PhasedUpdates
Rationale
TODO
When do we stop a phased update?
There are three conditions under which we want to consider stopping the phasing of an update:
- Updates that purport to fix an issue, which do not.
- New buckets since the previous version of a package.
- The rate of crashes increases.
Updates that do not actually fix an issue are worth notifying a developer about, but it is not worth stopping the phasing of an update over them.
New buckets since the previous version of a package
- We will create an AMQP pub/sub queue for modified bucket notifications.
- We will keep track of the systems that report into a bucket.
Every time a bucket is changed, we'll first check to see if this is new in this version of the package. If it is, we'll get the first X+1 columns in the BucketSystems column family for the key of the bucket.
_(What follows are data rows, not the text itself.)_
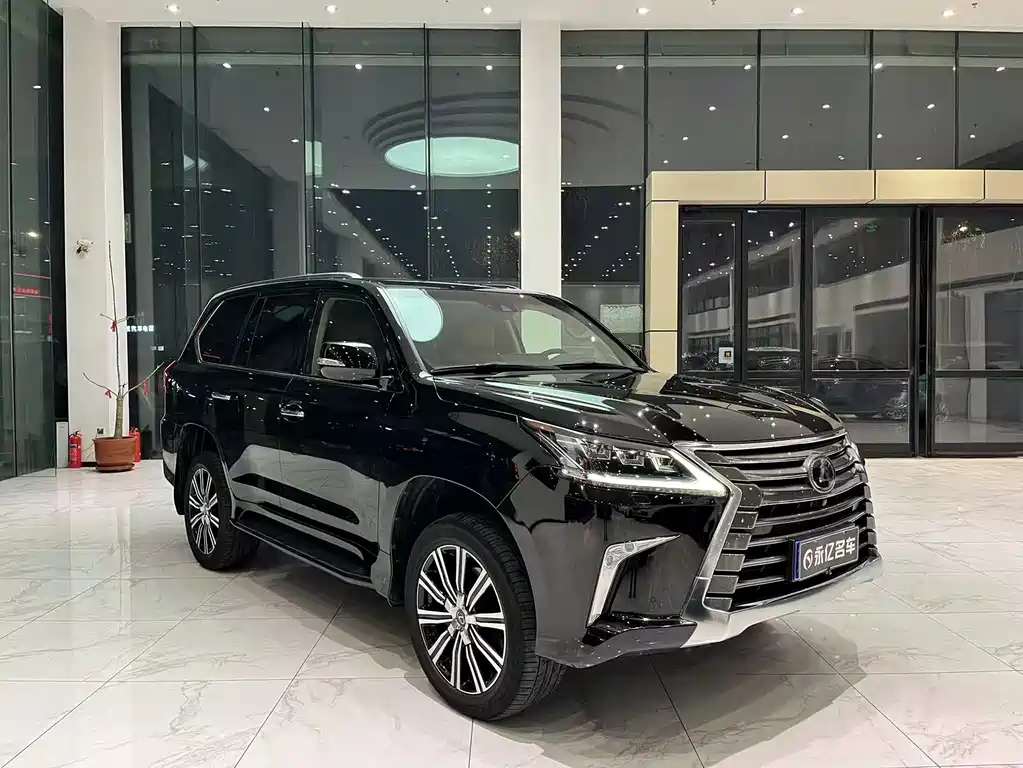 Lexus LX 2019 — фото 3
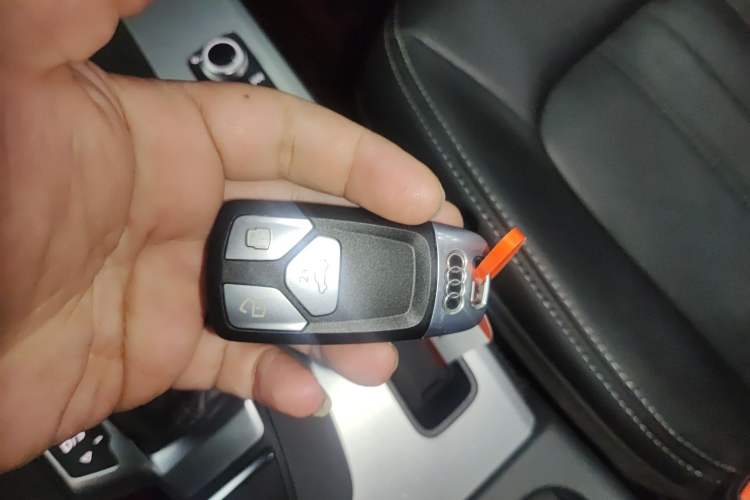 Used Audi Q5L 2020 Updated 40 TFSI Prestige Fashion Edition Vehicle Key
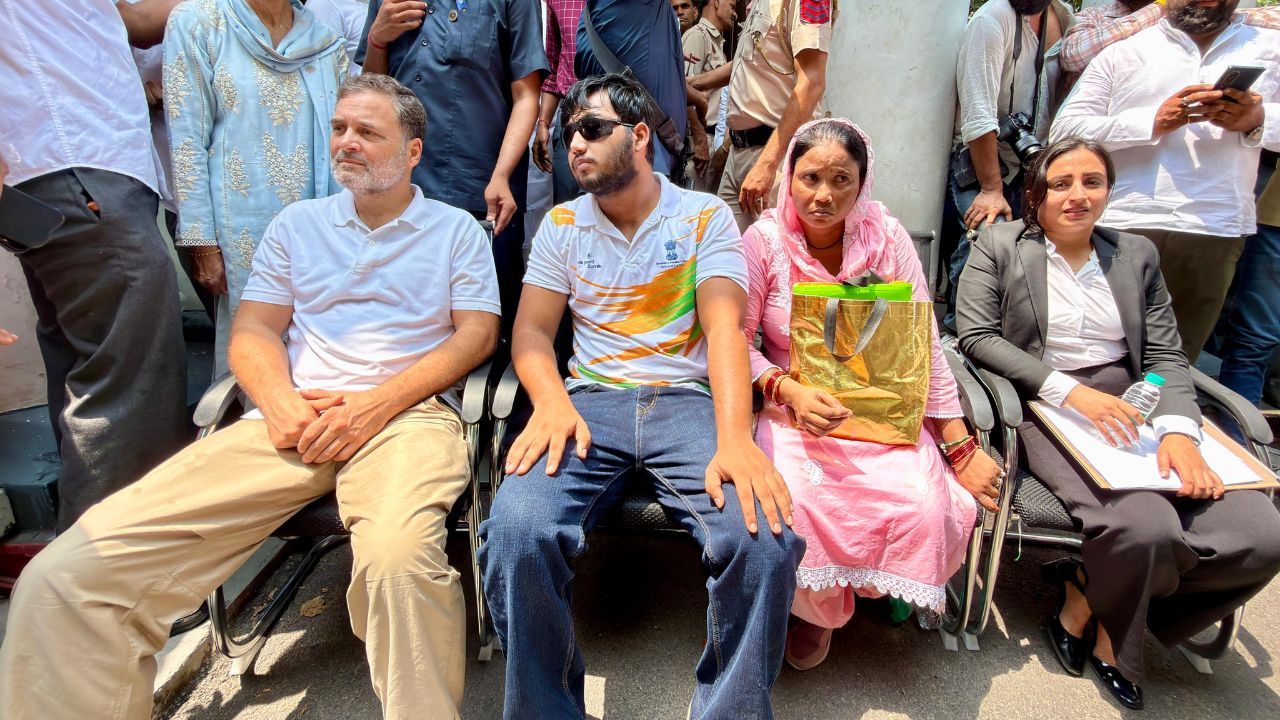 Rahul Gandhi Parliament Street News: संसद मार्ग पोलीस ठाण्याबाहेर हायव्होल्टेज ड्रामा; राहुल गांधींच्या भूमिकेमुळे राजकारण तापणार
If we get exactly X+1 results back, an alert will be fired.
If the number of systems reporting any new bucket exceeds X, where X is initially set to 3, an alert will be fired.
The rate of crashes increases
This is a periodic check. At every interval, the system will check if the standard deviation of the number of crashes for each day in the past two weeks is less than the number of crashes seen today. If it is, an alert will be fired.
This algorithm may require tuning to account for the population size increasing dramatically around milestones and release day.
This will require a new counter-based column family where we increment a counter for the row of release:package and the column name of the YYYYMMDD date.